Tighter lending requirements for loans insured by the Federal Housing Administration may leave some borrowers unable to get mortgages, but economists are divided on the impact they could have on housing’s recovery. The changes, aimed at strengthening the FHA’s reserves in the face of rising foreclosures, shouldn’t hurt too many borrowers, officials say.
The FHA is playing a greater role in the mortgage market, insuring about 30 percent of new loans, up from 3 percent in 2007. Growing defaults have cut its reserves below the level mandated by Congress, leading to fears that it might need a taxpayer bailout.
FHA-insured mortgages are attractive to borrowers, however, because down payments are only 3.5 percent. That won’t change under the new policies the FHA announced, which are to take effect in spring or early summer. Among them:
• New borrowers will have to have a minimum credit score of 580 to qualify for a 3.5 percent down payment. Those with lower scores will have to make at least a 10 percent down payment. The average credit score of FHA-insured borrowers is 693.
• Allowable seller concessions will be reduced from 6 percent to 3 percent of the sale price. The change is intended to discourage inflated appraisals.
• Buyers will have to pay an upfront mortgage insurance premium of 2.25 percent of the total loan amount, up from 1.75 percent now. A $150,000 mortgage would require a payment of $3,375, or $750 more.
“It will slow the growth in demand,” says Joel Naroff, of Naroff Economic Advisors. “Any time you put up roadblocks, fewer people will qualify. This is just the beginning of clearer and more specific requirements so we don’t get into the mess we got into again. In the short term, it will have an effect, but it won’t be a huge effect.”
Dean Baker, co-director of the Center for Economic and Policy Research, says he expects the new FHA requirements will have a significant impact on borrowers, especially first-time homebuyers. Those who are denied FHA-insured loans, he says, are usually unable to qualify elsewhere.
“It’s a big deal,” Baker says. “Some will be unable to get loans.
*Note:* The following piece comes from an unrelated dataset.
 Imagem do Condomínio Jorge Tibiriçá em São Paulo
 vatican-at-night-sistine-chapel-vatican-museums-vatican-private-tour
This will have a big hit on the market.”
Baker says it’s not surprising that FHA needed to take such steps, because it’s risky for lenders to issue loans with 3.5 percent down during a time of declining home values and rising unemployment.
While the stiffer requirements may leave some borrowers out of the marketplace, some economists say the measures are necessary to protect the FHA from losses. Lawrence Yun, chief economist at the National Association of Realtors, says very lax lending and FHA insolvency could hurt the housing market worse in the future. He says he doesn’t believe the requirements will stall the housing market in light of current low interest rates and a federal tax credit for first-time and repeat home buyers.
Mark Zandi, of Moody’s Economy.com, agrees the changes won’t have significant impact. “It does highlight more broadly that policy support for the market is starting to wane. The tax credit will end in April; now, the FHA rule changes,” he says. “Policymakers are slowly exiting from their unprecedented support of the housing market to see if it can function on its own.”